BEGIN

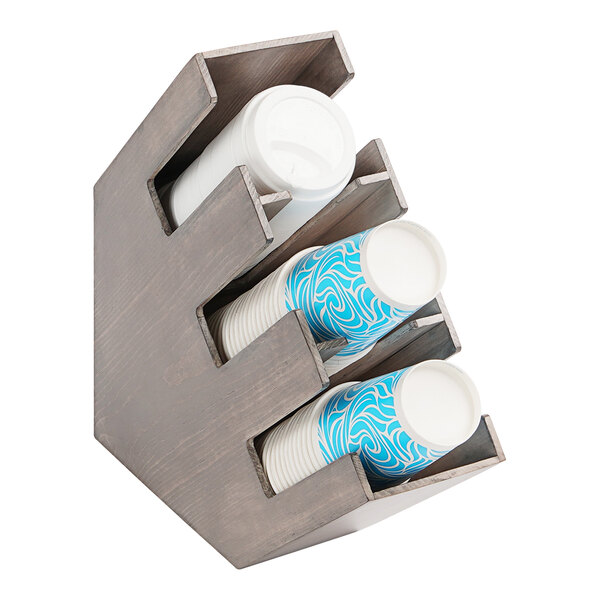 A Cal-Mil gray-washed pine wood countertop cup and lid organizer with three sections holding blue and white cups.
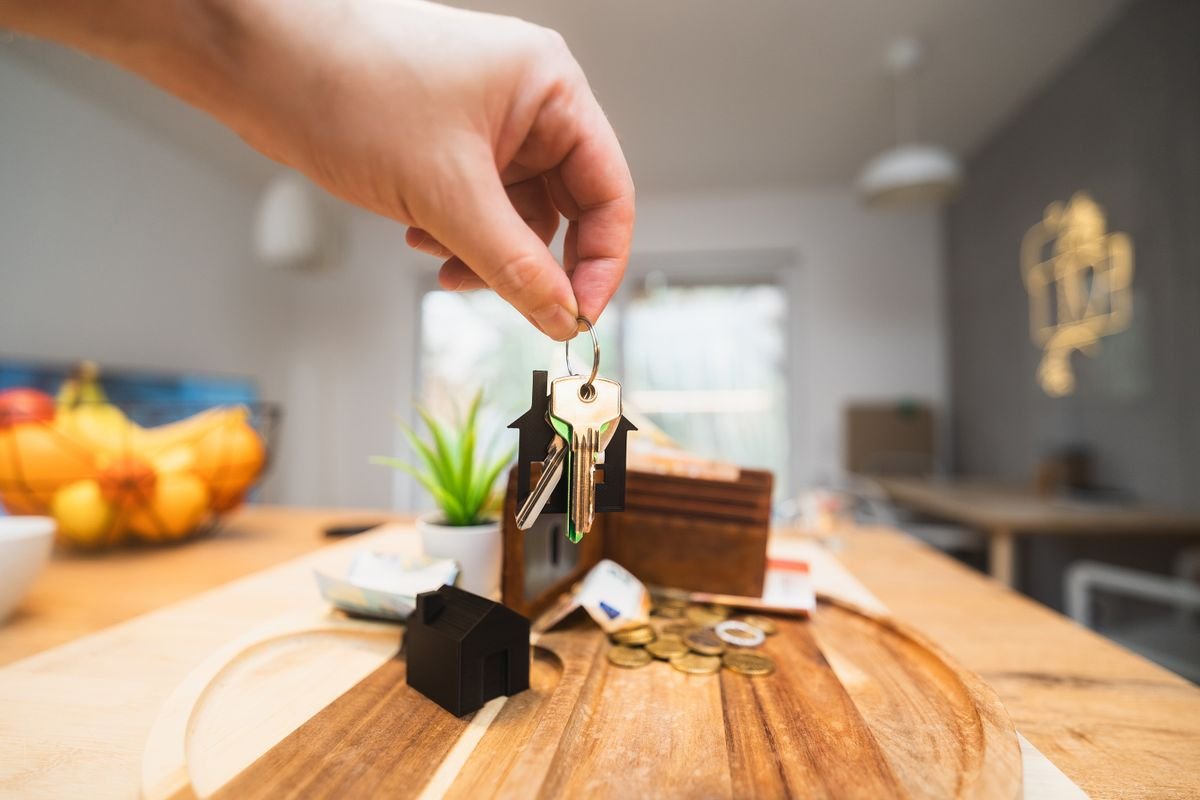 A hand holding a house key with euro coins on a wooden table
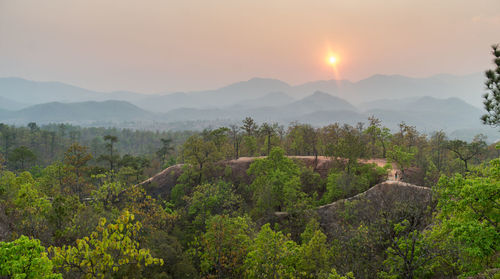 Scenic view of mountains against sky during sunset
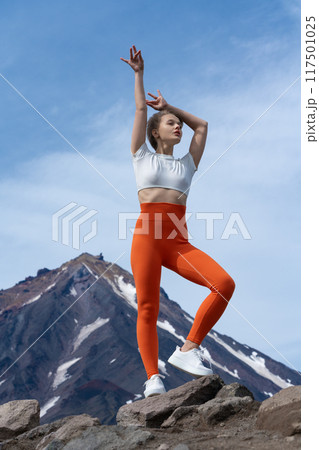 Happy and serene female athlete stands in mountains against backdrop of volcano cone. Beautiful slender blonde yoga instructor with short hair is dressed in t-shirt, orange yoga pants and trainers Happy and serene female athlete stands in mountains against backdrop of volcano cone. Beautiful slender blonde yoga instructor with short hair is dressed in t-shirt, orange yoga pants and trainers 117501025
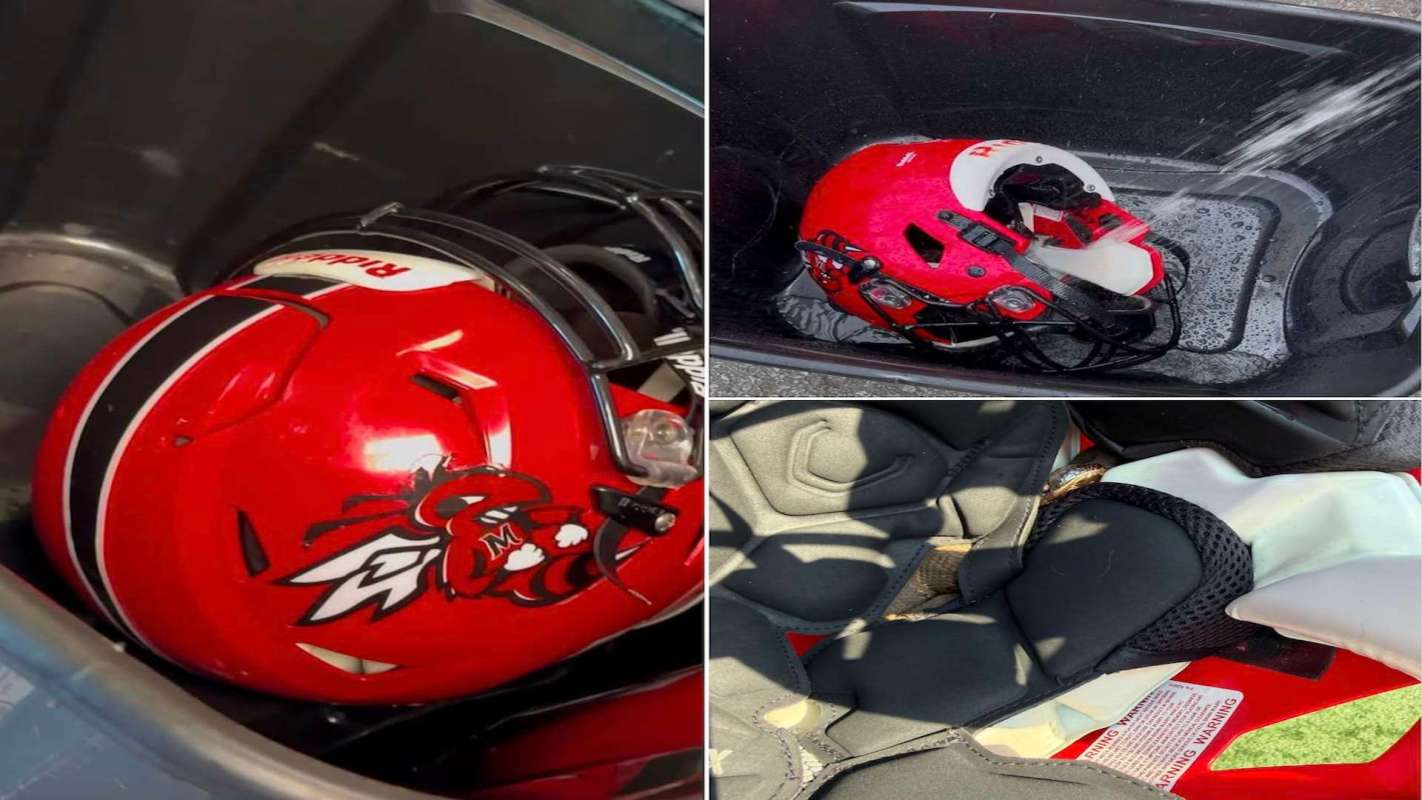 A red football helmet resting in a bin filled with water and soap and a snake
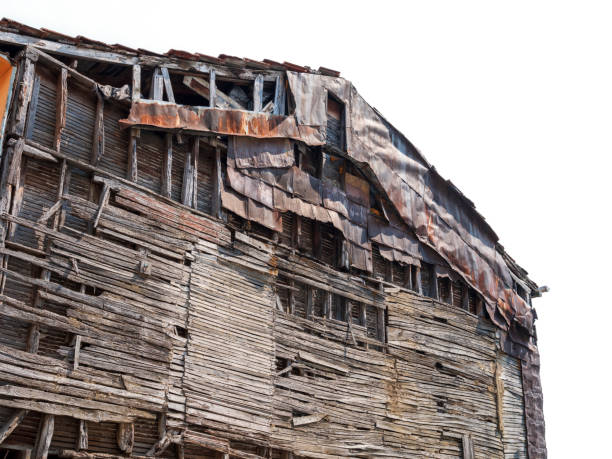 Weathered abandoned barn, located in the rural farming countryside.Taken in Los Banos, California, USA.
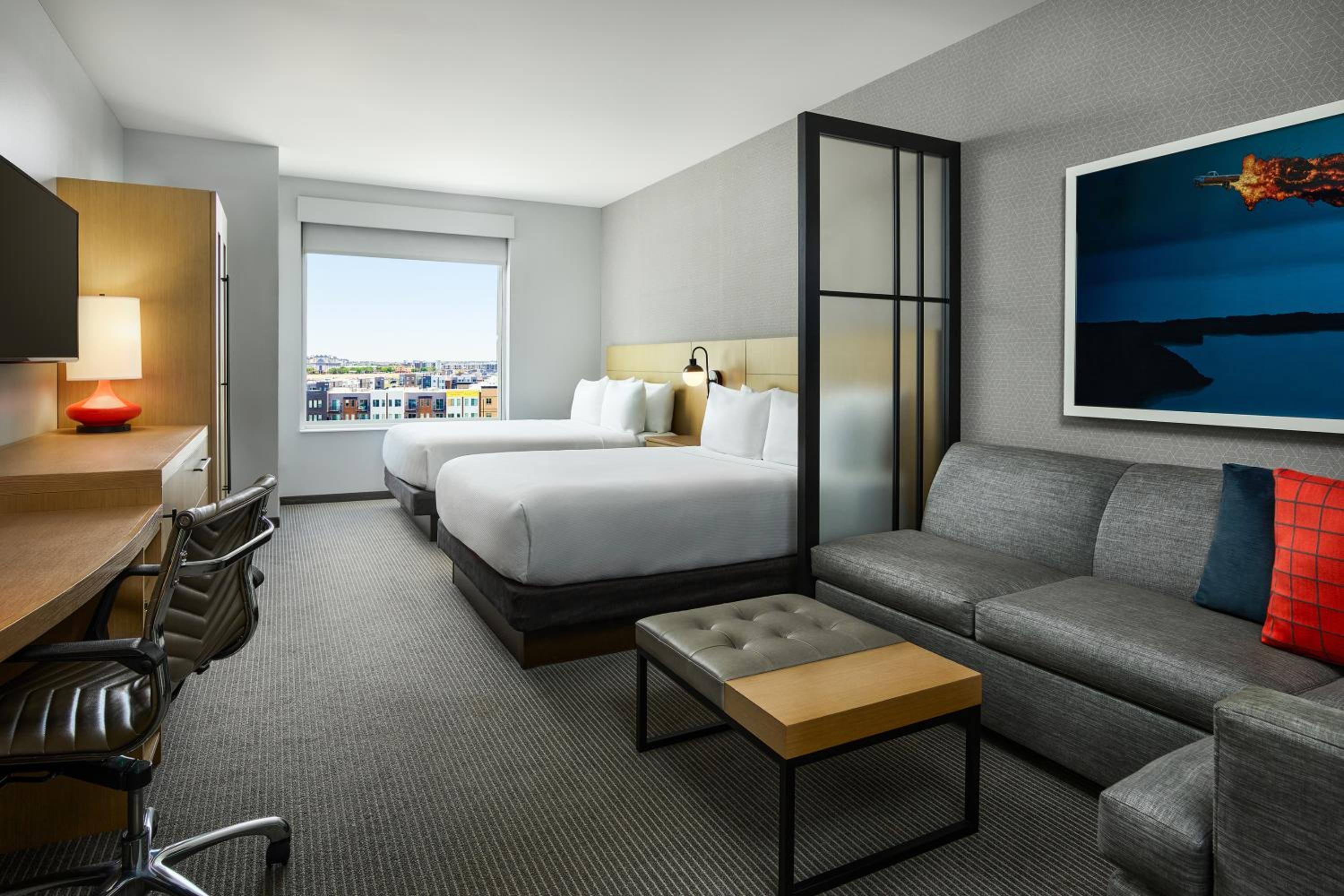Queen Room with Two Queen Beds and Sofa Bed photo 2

END

### Task to complete
The lines from the one holding "Weathered abandoned barn, located" through the end of the entries are to be transcribed exactly, both ends included, with the pictures left out.

### Answer section
 Weathered abandoned barn, located in the rural farming countryside.Taken in Los Banos, California, USA.
Queen Room with Two Queen Beds and Sofa Bed photo 2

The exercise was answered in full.